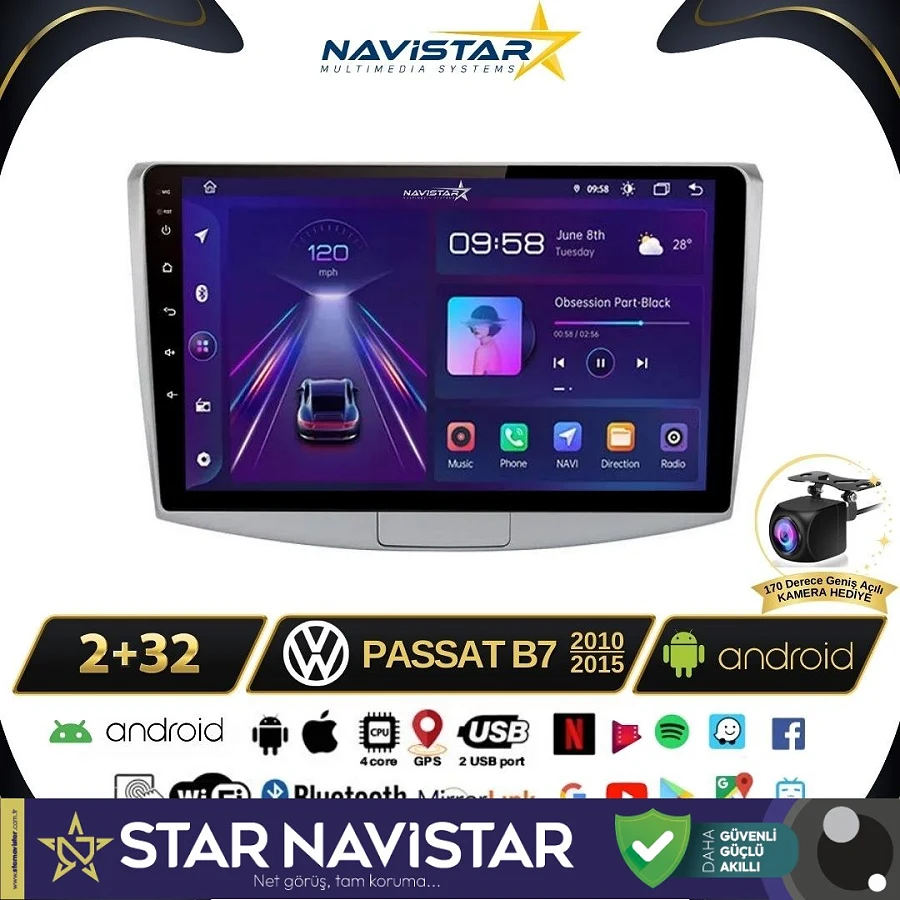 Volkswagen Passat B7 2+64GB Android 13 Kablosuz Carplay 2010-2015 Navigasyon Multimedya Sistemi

==

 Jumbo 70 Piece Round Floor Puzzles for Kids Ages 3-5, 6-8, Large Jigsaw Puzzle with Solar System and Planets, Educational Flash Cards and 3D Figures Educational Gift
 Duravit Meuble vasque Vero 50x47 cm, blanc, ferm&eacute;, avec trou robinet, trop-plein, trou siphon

* * *

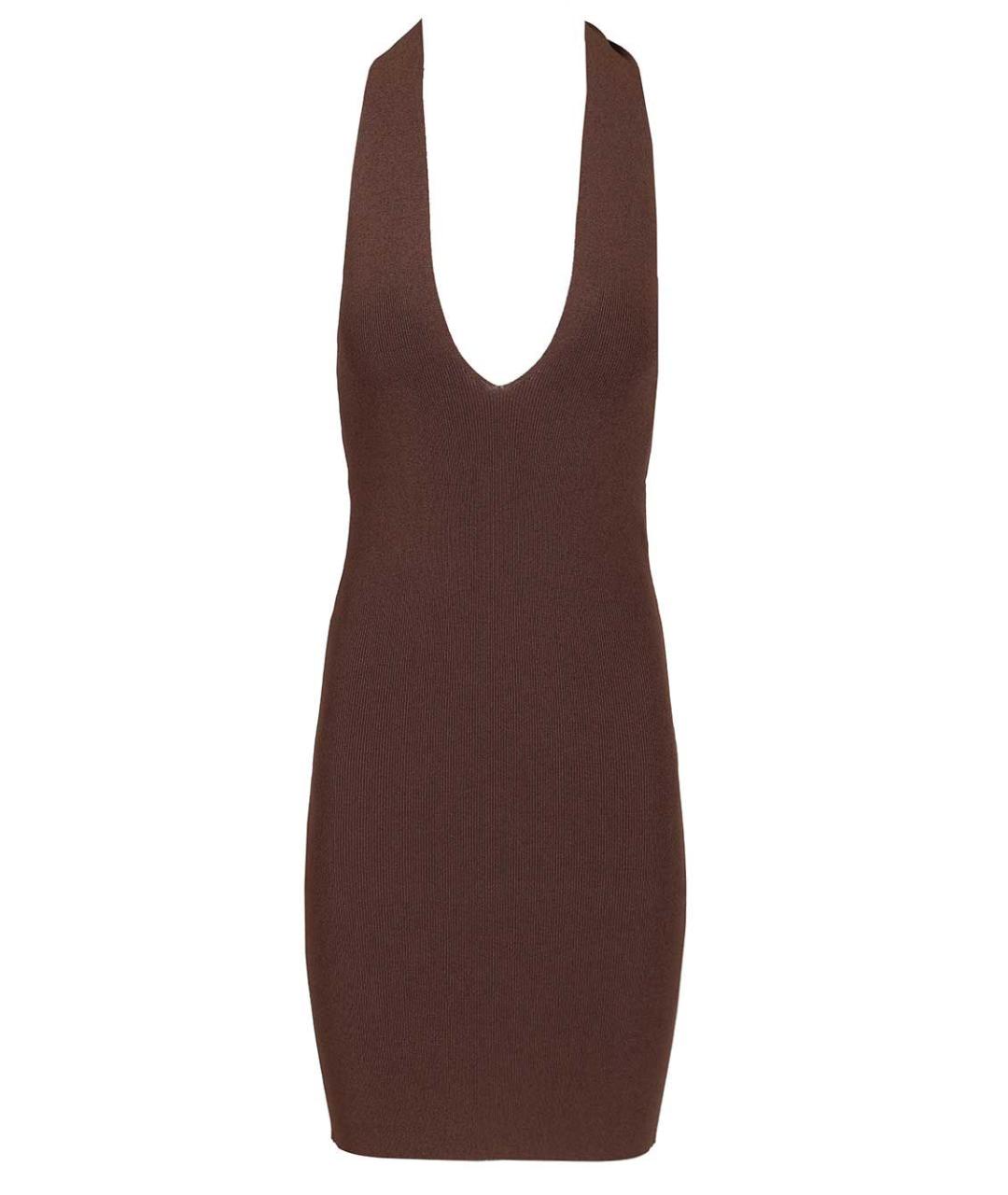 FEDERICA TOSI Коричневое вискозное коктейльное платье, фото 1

# ACTIVITY
In the entries above, restate word for word the lines between the one holding "Jumbo 70 Piece" and the one holding "Duravit Meuble vasque", inclusive, and nothing besides.

# ANSWER TO THE PROBLEM
 Jumbo 70 Piece Round Floor Puzzles for Kids Ages 3-5, 6-8, Large Jigsaw Puzzle with Solar System and Planets, Educational Flash Cards and 3D Figures Educational Gift
 Duravit Meuble vasque Vero 50x47 cm, blanc, ferm&eacute;, avec trou robinet, trop-plein, trou siphon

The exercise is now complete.